Voici les 9 catégories d’analyse qui ont été retenues par le comité et qui pourraient, si leur pertinence se confirme lors de la moisson d’idées, définir les 9 groupes de travail et 9 chapitres de l’énoncé de politique La science que nous voulons. Les commentaires sont les bienvenus.
- La science, le bien commun et les enjeux éthiques
Thèmes: Imaginons une science guidée par le souci du bien commun, une science qui explore de nouvelles avenues, mais avec le souci constant de ses effets sur la société, sur l'environnement, sur les droits des personnes - des chercheurs et des universités socialement responsables, qui, tout en cherchant à créer de nouvelles connaissances, sont à l'écoute des valeurs et des préoccupations des citoyens - une science appliquée aux enjeux du bien commun et pas seulement aux intérêts économiques - des chercheurs conscients des enjeux éthiques liés à leur travail et qui acceptent d'en débattre dans l'espace public, etc.
- L'ampleur et les limites des pouvoirs et responsabilités de l'État face à la recherche scientifique
Thèmes : la mission, la vision et les valeurs de la politique scientifique, la procédure d'élaboration de la politique, le choix des conseillers, les forces et les faiblesses de la politique et des plans d'actions actuels (SQRI), les rapports entre l'État et les universités qui emploient des chercheurs, le financement des universités, etc.
- Le financement de la recherche
Thèmes : la part du budget national accordée à la recherche, le mode d'attribution des ressources financières aux projets de recherche (concours au mérite ou...), les critères utilisés dans l'attribution de financement, l'équilibre entre les domaines et les missions, etc.
- La gouvernance et la prise de décision au sujet de la science publique au Québec
Thèmes : le nouveau Fonds de recherche du Québec, le rôle du scientifique en chef, l'organisation du ministère responsable de la science, la transparence et l'accès aux données sur la science publique,le choix des priorités scientifiques (comment, pourquoi, lesquelles, selon quels critères), l'évaluation des priorités actuelles et du processus de leur choix, la place du lobbyisme, etc.
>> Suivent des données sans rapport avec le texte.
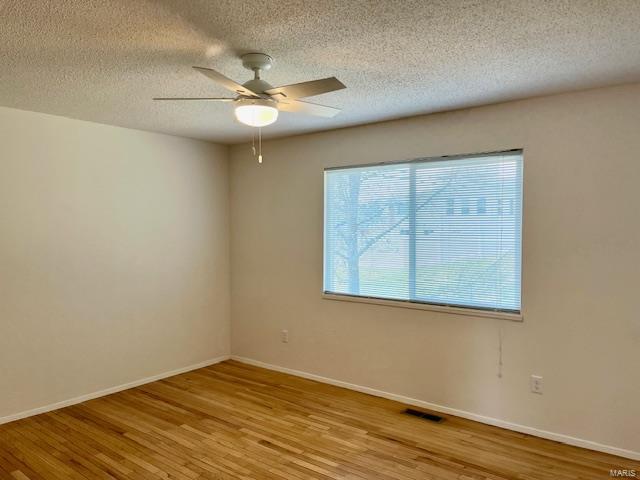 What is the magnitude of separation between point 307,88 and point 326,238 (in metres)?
2.30

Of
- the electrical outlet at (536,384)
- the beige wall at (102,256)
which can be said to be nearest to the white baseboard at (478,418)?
the electrical outlet at (536,384)

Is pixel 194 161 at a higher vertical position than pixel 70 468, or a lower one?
higher

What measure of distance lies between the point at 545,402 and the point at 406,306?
1220 millimetres

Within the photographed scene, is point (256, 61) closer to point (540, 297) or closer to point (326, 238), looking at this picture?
point (326, 238)

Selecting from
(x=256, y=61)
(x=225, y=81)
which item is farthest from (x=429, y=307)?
(x=225, y=81)

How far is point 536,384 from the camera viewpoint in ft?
10.6

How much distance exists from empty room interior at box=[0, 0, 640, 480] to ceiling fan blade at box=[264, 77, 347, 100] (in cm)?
2

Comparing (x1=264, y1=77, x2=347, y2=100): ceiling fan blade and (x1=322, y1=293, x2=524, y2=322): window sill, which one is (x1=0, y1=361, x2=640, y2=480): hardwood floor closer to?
(x1=322, y1=293, x2=524, y2=322): window sill

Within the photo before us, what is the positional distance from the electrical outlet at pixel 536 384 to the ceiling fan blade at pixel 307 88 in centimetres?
249

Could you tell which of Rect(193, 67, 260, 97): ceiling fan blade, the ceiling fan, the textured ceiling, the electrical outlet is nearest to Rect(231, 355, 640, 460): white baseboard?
the electrical outlet

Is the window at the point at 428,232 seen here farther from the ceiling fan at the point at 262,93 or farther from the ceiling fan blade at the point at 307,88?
the ceiling fan blade at the point at 307,88

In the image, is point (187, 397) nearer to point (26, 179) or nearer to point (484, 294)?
point (26, 179)

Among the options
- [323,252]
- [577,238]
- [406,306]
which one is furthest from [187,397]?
[577,238]

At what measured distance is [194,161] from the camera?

- L'organisation de la recherche publique au Québec
Thèmes : les programmes stratégiques ou libres de subventions et de bourses, le soutien aux revues et à l'édition scientifique, l'interdisciplinarité ou les relations entre les disciplines, les projets intersectoriels, la formation en éthique des sciences, les regroupements de chercheurs, le rôles respectif des universités, des centres de recherches, de la recherche au sein des ministères, l'accès aux infrastructures, les critères d'évaluation des universités de recherche, etc.
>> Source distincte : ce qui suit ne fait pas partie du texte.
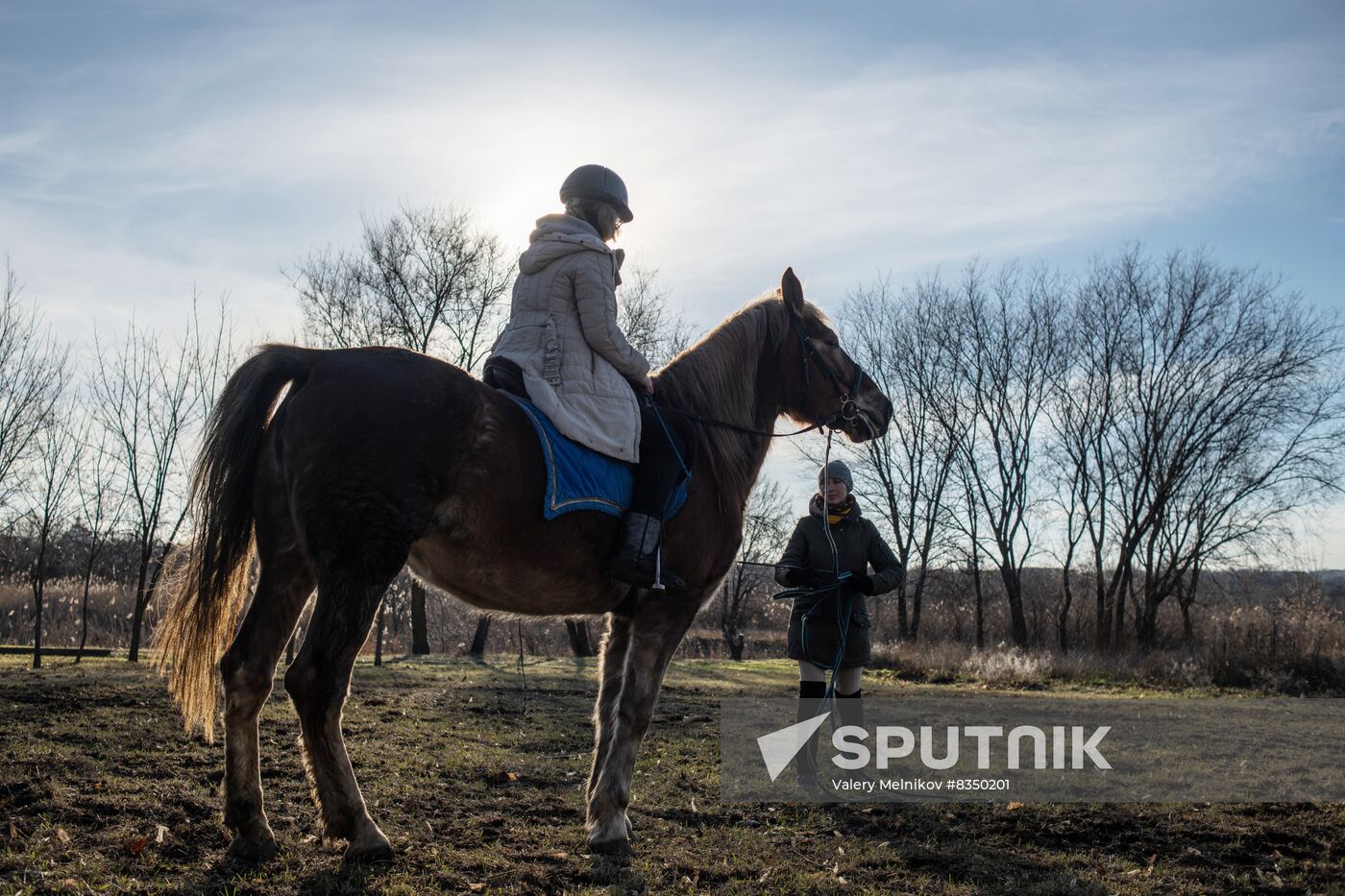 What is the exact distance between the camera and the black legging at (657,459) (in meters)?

- La régulation des métiers de la recherche scientifique
Thèmes : les conditions de travail, droits et responsabilités des professeurs-chercheurs et étudiants-chercheurs, des professionnels, assistants et techniciens de recherche, des gestionnaires, des conseillers, des éditeurs, des chercheurs postdoctoraux, etc., le syndicalisme, les droits des individus et des organisations au regard de la propriété intellectuelle, l’engagement social, l’intégrité en recherche, la formation de la relève, l'emploi, la place des femmes, la langue de travail et de publication, etc.
- Les rapports entre science et industrie
Thèmes : les PPP (partenariats public-privé), l'innovation technologique, la valorisation de la recherche, la propriété intellectuelle et les brevets, les conflits d'intérêts, les crédits d'impôts et autres incitatifs fiscaux, l'employabilité et les conditions de travail des chercheurs, etc.
- L'implication du public
Thèmes : les débats publics sur les grands projets scientifiques, les processus de consultation des citoyens, la communication scientifique, la culture scientifique, les jeunes et la science, l'éthique des sciences, la mobilisation des connaissances, etc.
- La science et Internet
Thèmes: la régulation de la science en ligne, la reconnaissance des blogues scientifiques, l'appui à la science 2.0. Comment encourager de nouvelles méthodes? Internet peut-il rendre la science plus écoresponsable? plus participative? plus dialogique? Que devient la propriété intellectuelle dans un travail collaboratif à distance?